Will the kittens ever roar?

In Newsletter Editorial4 MinutesBy Dave McCoidJune 16, 2023

It saddens me that some poor truck driver working in New Zealand today will happen upon a commercial vehicle ‘safety’ check. When they’re instructed to pull in, they’ll likely be well into their week’s work, maybe nearing the end. Another week worked to pay the mortgage or rent, put food on the table, even pay their share of the parasitic levels of tax.

Just before being stopped, they might have been thinking about that tax payment and why the pothole they’d just slammed into, the one that’s been there for a month, hadn’t been repaired.

As they stop at the check, they’ll be greeted by someone dressed like they’re ready to attend the Ukrainian front lines.

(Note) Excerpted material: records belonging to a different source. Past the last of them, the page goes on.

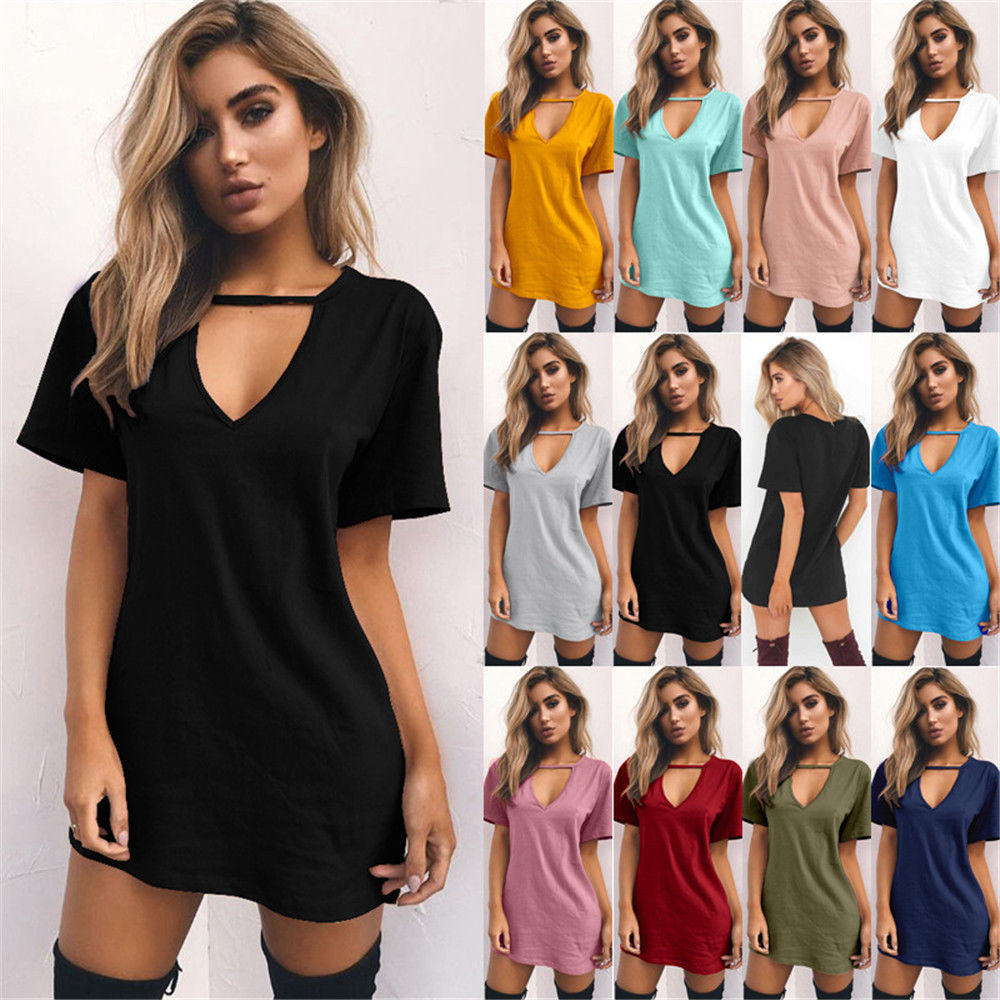 Wish AliExpress ebay summer hot sale explosions Europe and America sexy deep V short-sleeved T-shirt loose casual dress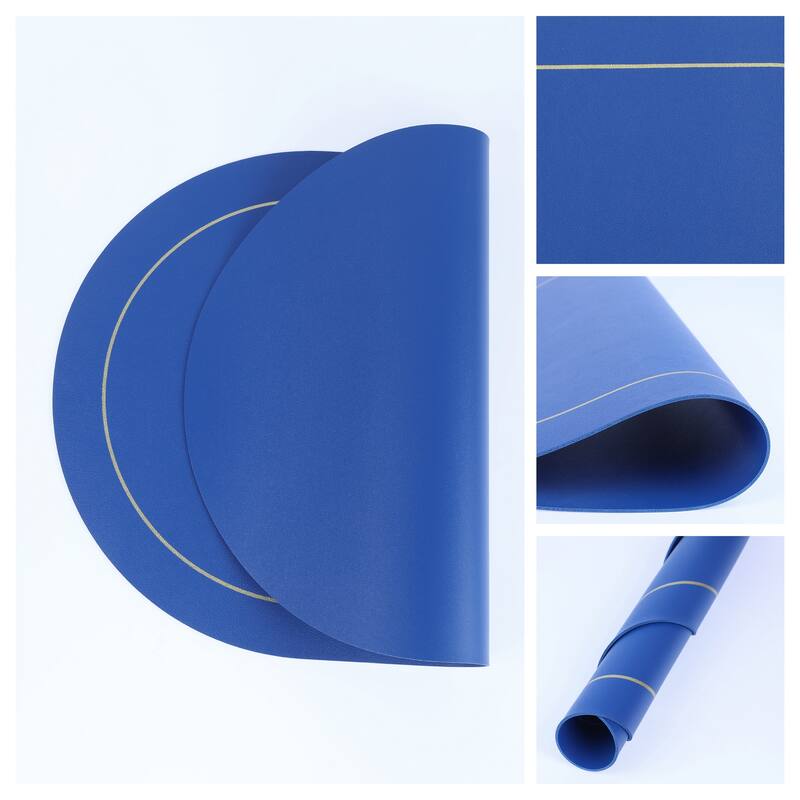 Set of 6 Placemats, Faux Leather Placemats for Kitchen Dining Table Decor, Heat Resistant Table Placemats Wipeable Table Mat - Blue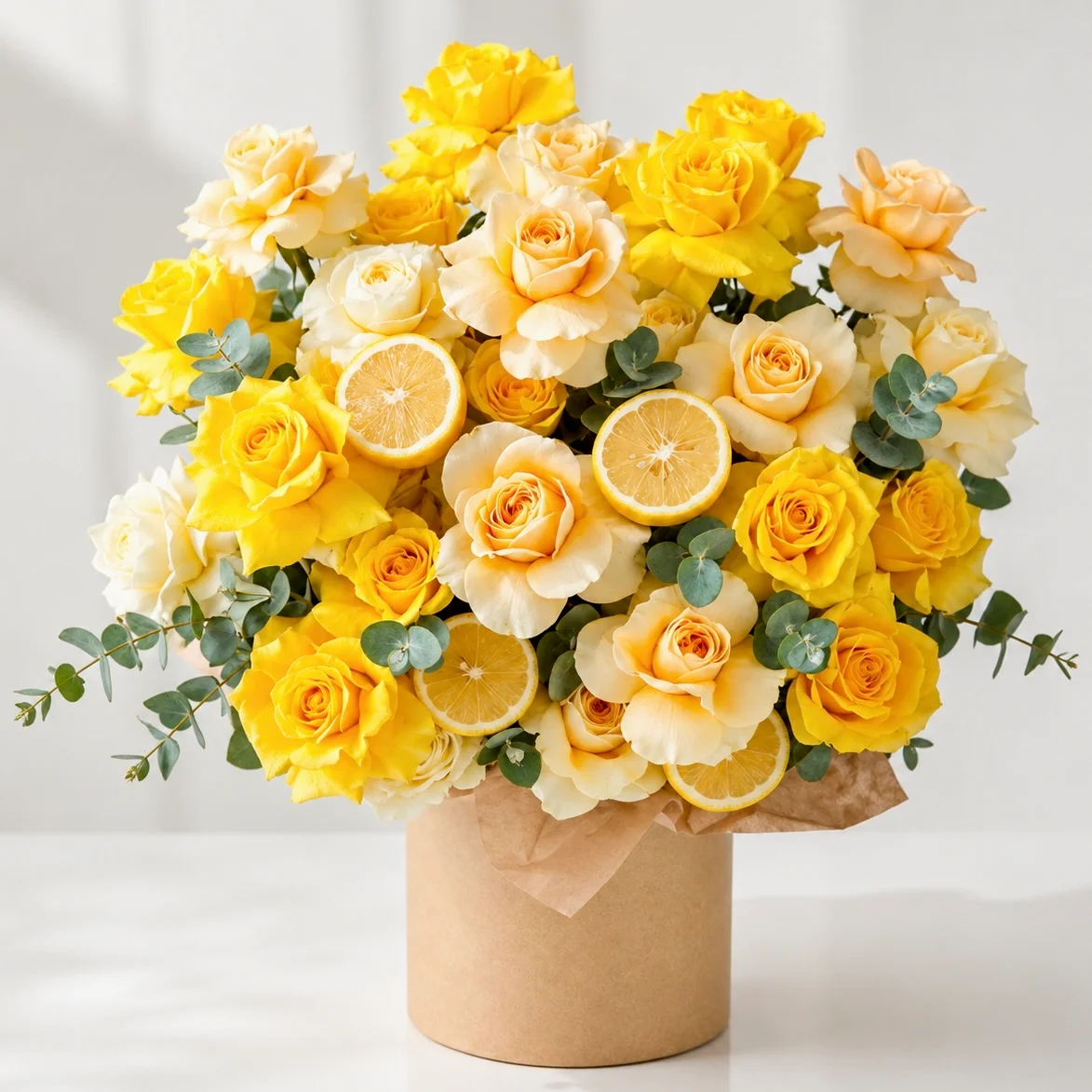 21 yellow and peach rose citrus floral gift box with fresh lemon slices arranged for elegant celebrations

In some cases, they and their machine will be interrogated in an air akin to one surrounding someone soon to be charged. There’ll be little chance of leaving without contributing to the government coffers.

As they drive off, their thoughts might well turn to what they saw on Wednesday night’s news. Scenes of New Zealand gone mad – the Mongrel Mob demonstrating their absolute and insidious dominion in the Bay of Plenty. Their contempt for the rule of law in a society so willing, apparently, to provide them with a stage on which to flaunt. Their message to the weak and impressionable? Just how easy casting aside any authority that’s not their own actually is.

Our truck driver might well think back and realise the government department that just issued the infringement notice is the same one who used their authority to constrain law-abiding folk from going about their lives and work, in order to let the mob run riot. They might wonder where their infringement money will end up. Then they’ll think back and be reminded where $2.5 million in tax take went recently.

New Zealand is in the grip of the paralysis and confusion that occurs when weakness is confused for compassion and leadership. Earlier in the week, there were reports on the news about places drug users could go to ensure their drugs were of an acceptable quality. Today, the media reports that as a nation, we’re one of the highest users of methamphetamine per capita, with a willingness to pay the most for it. If you think hard enough it’s not hard to work out why that is, and it should make you increasingly ropeable every time you hit a tyre-destroying fracture in an entirely inadequate road.

Back to Wednesday. A shameful display by us as tax-paying, law-abiding citizens in allowing the day-to-day mechanics of our society to degrade to a point where that represented who we are on the news stages of the world in 2023.

It should also be a wake-up call to the stewards of Maoridom. I was deeply offended for the people I know, people who have been fundamental mentors in my journey, having words they use to define and form the foundations of their proud cultural pillars, defamed and associated with anarchists in German World War II helmets screaming sieg heils with their right arm aloft.

When will we, the people of New Zealand, send a clear signal, and see the return of leadership based on compassion, diversity, inclusiveness, responsibility, expectation, and accountability?

If Wednesday’s appalling display does not trigger law and order as the key election issue, it’s a sad indictment on us, not them. They are merely making the most of an environment that’s been allowed to proliferate.